• Your task: Provide an exact copy of the lines from the beginning of the records through the line that includes "Constellation Zodiac (V2)", and of no others.

• Material to process:
════════
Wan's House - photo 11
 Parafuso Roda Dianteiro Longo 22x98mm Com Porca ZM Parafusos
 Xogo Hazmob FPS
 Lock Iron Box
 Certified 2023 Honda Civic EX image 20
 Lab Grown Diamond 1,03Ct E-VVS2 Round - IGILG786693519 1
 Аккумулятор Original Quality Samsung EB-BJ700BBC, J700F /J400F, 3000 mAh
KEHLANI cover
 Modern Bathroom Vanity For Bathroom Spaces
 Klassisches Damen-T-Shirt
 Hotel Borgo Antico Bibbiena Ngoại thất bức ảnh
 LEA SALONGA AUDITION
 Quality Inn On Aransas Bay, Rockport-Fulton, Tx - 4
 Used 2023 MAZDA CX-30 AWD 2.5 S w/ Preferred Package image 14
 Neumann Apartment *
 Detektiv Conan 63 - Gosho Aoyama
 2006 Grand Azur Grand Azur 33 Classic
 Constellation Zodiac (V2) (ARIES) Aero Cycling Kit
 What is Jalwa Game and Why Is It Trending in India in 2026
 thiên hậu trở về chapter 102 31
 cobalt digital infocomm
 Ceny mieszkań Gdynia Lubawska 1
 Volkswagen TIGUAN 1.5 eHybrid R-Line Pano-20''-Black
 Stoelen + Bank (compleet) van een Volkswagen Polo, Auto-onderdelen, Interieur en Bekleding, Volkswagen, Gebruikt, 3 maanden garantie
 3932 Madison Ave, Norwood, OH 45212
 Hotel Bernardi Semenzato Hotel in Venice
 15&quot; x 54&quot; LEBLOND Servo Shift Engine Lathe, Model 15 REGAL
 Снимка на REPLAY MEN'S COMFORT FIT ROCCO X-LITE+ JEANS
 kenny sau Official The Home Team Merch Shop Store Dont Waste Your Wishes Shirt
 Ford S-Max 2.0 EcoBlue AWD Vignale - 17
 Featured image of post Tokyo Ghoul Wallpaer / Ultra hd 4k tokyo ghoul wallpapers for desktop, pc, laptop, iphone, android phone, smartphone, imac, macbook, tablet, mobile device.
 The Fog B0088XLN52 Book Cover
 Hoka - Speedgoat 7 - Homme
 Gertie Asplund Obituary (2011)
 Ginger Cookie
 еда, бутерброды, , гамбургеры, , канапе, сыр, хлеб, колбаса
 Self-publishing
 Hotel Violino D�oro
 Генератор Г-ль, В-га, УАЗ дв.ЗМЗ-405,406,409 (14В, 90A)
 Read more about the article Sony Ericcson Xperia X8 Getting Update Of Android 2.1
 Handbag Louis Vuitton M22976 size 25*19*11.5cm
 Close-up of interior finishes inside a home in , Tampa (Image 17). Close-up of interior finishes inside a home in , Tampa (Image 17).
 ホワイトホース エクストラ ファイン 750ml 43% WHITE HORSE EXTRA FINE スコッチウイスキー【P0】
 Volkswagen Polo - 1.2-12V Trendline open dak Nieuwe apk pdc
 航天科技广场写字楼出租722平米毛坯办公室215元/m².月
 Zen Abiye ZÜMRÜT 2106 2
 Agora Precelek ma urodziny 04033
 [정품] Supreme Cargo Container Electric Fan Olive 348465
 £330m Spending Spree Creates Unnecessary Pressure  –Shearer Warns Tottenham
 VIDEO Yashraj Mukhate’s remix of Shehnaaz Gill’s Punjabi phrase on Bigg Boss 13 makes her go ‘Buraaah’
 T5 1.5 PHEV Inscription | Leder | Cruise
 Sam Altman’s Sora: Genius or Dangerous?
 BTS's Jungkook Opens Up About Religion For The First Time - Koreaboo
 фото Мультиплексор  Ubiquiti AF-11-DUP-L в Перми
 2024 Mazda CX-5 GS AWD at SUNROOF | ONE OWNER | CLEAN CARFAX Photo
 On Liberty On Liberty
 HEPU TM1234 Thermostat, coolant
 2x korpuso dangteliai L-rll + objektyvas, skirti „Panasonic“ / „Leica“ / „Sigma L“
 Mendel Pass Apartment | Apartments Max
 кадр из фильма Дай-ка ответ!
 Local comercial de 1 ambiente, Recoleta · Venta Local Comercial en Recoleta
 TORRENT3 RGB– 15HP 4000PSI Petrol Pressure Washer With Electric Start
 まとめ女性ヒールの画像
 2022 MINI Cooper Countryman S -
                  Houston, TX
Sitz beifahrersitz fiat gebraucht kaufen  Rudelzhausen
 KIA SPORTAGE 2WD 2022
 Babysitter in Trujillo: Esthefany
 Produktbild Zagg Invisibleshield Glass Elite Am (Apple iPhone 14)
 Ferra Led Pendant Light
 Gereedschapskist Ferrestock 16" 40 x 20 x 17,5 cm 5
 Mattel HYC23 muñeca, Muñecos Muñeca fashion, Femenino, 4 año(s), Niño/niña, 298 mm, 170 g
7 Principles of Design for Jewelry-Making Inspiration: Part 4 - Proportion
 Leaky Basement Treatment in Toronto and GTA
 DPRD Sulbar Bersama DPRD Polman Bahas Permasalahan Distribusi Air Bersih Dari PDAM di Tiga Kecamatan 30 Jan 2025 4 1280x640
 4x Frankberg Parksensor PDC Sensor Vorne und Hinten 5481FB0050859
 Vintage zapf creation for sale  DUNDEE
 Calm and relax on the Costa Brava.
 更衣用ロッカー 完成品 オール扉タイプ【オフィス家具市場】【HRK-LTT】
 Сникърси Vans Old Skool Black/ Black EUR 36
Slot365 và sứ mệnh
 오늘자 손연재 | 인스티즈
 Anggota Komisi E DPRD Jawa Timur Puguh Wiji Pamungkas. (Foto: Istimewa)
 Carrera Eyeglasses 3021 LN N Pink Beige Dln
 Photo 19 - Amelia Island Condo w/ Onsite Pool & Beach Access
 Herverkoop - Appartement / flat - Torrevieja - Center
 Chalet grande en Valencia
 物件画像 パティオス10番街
════════
• Expected answer:
Wan's House - photo 11
 Parafuso Roda Dianteiro Longo 22x98mm Com Porca ZM Parafusos
 Xogo Hazmob FPS
 Lock Iron Box
 Certified 2023 Honda Civic EX image 20
 Lab Grown Diamond 1,03Ct E-VVS2 Round - IGILG786693519 1
 Аккумулятор Original Quality Samsung EB-BJ700BBC, J700F /J400F, 3000 mAh
KEHLANI cover
 Modern Bathroom Vanity For Bathroom Spaces
 Klassisches Damen-T-Shirt
 Hotel Borgo Antico Bibbiena Ngoại thất bức ảnh
 LEA SALONGA AUDITION
 Quality Inn On Aransas Bay, Rockport-Fulton, Tx - 4
 Used 2023 MAZDA CX-30 AWD 2.5 S w/ Preferred Package image 14
 Neumann Apartment *
 Detektiv Conan 63 - Gosho Aoyama
 2006 Grand Azur Grand Azur 33 Classic
 Constellation Zodiac (V2) (ARIES) Aero Cycling Kit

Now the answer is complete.